The trial court declared that the notice of claim received by the City of St. Peter qualified as protected nonpublic or confidential data under Minn.Stat. § 13.39, subd. 2. The trial court also denied counsel's request to participate in an in camera review of the document. We agree and affirm.

FACTS

On June 24, 1991, the St. Peter City Council held a closed meeting as permitted by the attorney-client privilege exception to the Minnesota Open Meeting Law. See Minn.Stat. § 471.705, subd. 3 (1990). Appellants, the St. Peter Herald and the Free Press of Mankato, requested information as to the purpose and subject of the meeting. The city attorney informed appellants that the city had recently received a notice of claim, pursuant to Minn.Stat. § 466.05, in the form of a letter from a private attorney.

The city attorney refused to provide copies of the letter to appellants and refused to provide specific information about the claim, contending it was classified as private data under the Minnesota Government Data Practices Act, Minn.Stat. §§ 13.01 through 13.90 (1990). Appellants sought disclosure of the document.

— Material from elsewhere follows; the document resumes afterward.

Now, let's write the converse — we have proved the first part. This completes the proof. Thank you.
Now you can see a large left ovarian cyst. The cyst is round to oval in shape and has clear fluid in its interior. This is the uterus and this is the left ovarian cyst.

On August 6, 1991, the trial judge heard oral arguments, and decided to review the notice of claim in camera, as permitted by Minn.Stat. § 13.08, subd. 4. Appellants’ counsel requested that they be present during this review. The trial court denied their request. On August 9, 1991, the trial [407]*407court issued an order denying appellants’ request for disclosure on the grounds that the document was either protected nonpublic data or confidential data under Minn. Stat. § 13.39.

ISSUES

1. Did the trial court err in concluding that the notice of claim is protected nonpublic or confidential data under Minn.Stat. § 13.39?

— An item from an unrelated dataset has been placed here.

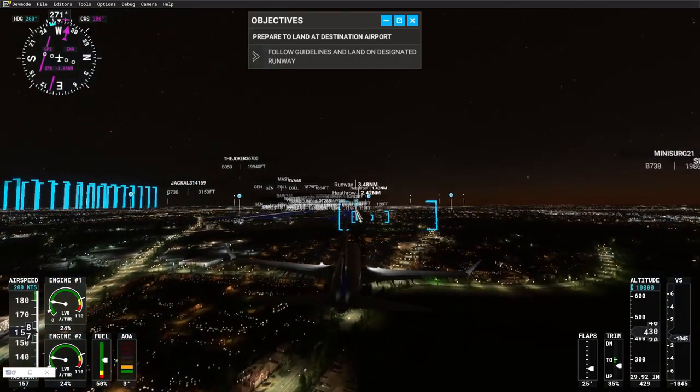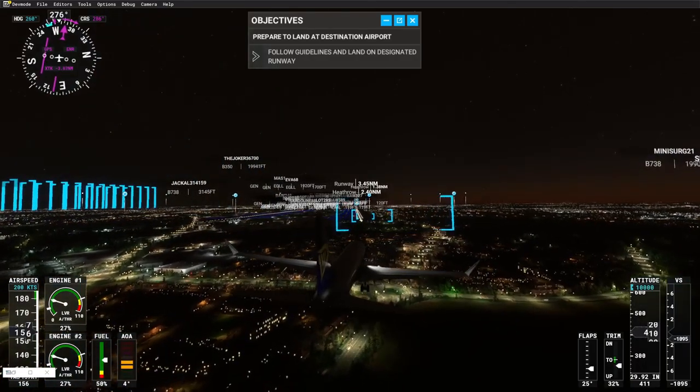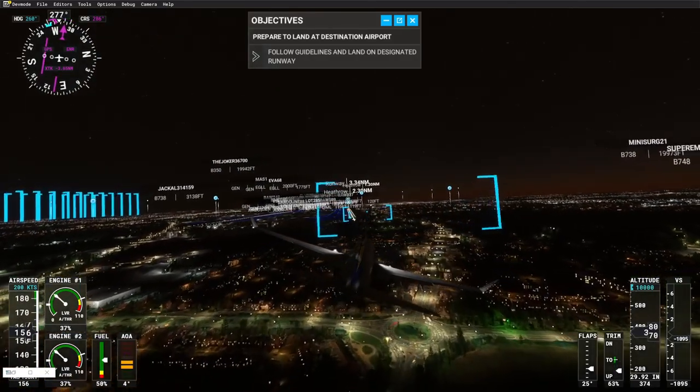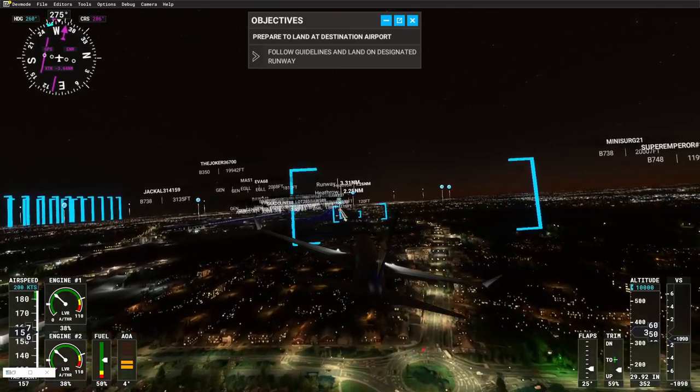Speedbird 3, two seven heavy, contact ground on one two one decimal seven zero five.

2. Did the trial court err in excluding appellants’ counsel from an in camera review of the notice of claim?

ANALYSIS

The trial court ruled that the City of St. Peter need not release the Notice of Claim to the press because the document qualified as protected nonpublic or confidential data under the Government Data Practices Act. The applicable portion of the Act reads:

13.39 INVESTIGATIVE DATA
Subdivision 1. Definitions. A “pending civil legal action” includes but is not limited to judicial, administrative or arbitration proceedings. Whether a civil legal action is pending shall be determined by the chief attorney acting for the state agency, political subdivision or statewide system.
Subd. 2. Civil Actions. Data collected by state agencies, political subdivisions or statewide systems as part of an active investigation undertaken for the purpose of the commencement or defense of a pending civil legal action, or which are retained in anticipation of a pending civil legal action, are classified as protected nonpublic data * * * [or] confidential.

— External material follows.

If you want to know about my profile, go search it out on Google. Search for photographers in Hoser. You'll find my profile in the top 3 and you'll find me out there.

Minn.Stat. § 13.39, subds. 1, 2 (1990) (emphasis added). The trial court, after conducting an in camera review of the notice of claim, concluded that the city attorney had not abused his discretion in deciding that within the meaning of the statute a civil legal action was pending and therefore the document need not be released to the newspapers.

Black’s Law Dictionary defines pending” as:

Begun, but not yet completed; during; before the conclusion of; prior to the completion of; unsettled; undetermined; in process of settlement or adjustment. Thus, an action or suit is “pending” from its inception until the rendition of final judgment. See also Pendente lite.

1021 (5th ed.1979) (emphasis added). Pen-dente lite is defined as:

Pending the suit; during the actual progress of a suit; during litigation.

Id. at 1020 (emphasis added). Webster’s Dictionary defines “pending” more broadly:

1. remaining undecided; not determined; not established.
2. impending.

1325 (2d ed.1983) (emphasis added). Webster’s defines impending as:

1. hanging over.
2. about to happen; imminent or threatening.

Id. at 912 (emphasis added). The trial court adopted this broader definition of “pending,” including not only litigation already in progress, but also threatened litigation. We believe this broader construction best represents the legislature’s intent.

The statute protects data retained in anticipation of a pending civil legal action. While it may be impossible to anticipate something which is already in progress, it is not impossible to anticipate something which has been threatened. Because one cannot anticipate a civil legal action once it has already commenced, the legislature must have intended the broader construction of “pending” (including threatened civil legal action) to apply. The notice of claim is an essential element of the maintenance of a civil legal action against the municipality. While it may be conceded that the wording of the statute is awkward, the legislative intent seems clear. Since the statute cannot be given more than one reasonable interpretation, it is not ambiguous. The notice of claim letter is protected data if it either commences or threatens a civil legal action.

[408]*408As to the status of the notice of claim, the trial court stated:

It is the first step in litigation against a municipality and puts the city on notice that if the claim is not resolved litigation will be commenced.

(Emphasis added.) The trial court also alluded to the purpose for the notice of claim requirement as stated in Hirth v. Village of Long Prairie, 274 Minn. 76, 79, 143 N.W.2d 205, 207 (Minn.1966):

The principal purpose * * * is to protect against dissipation of public funds by requiring [notice] * * * so that [the municipality may] * * * investigate [the claim, and] settle those of merit without litigation.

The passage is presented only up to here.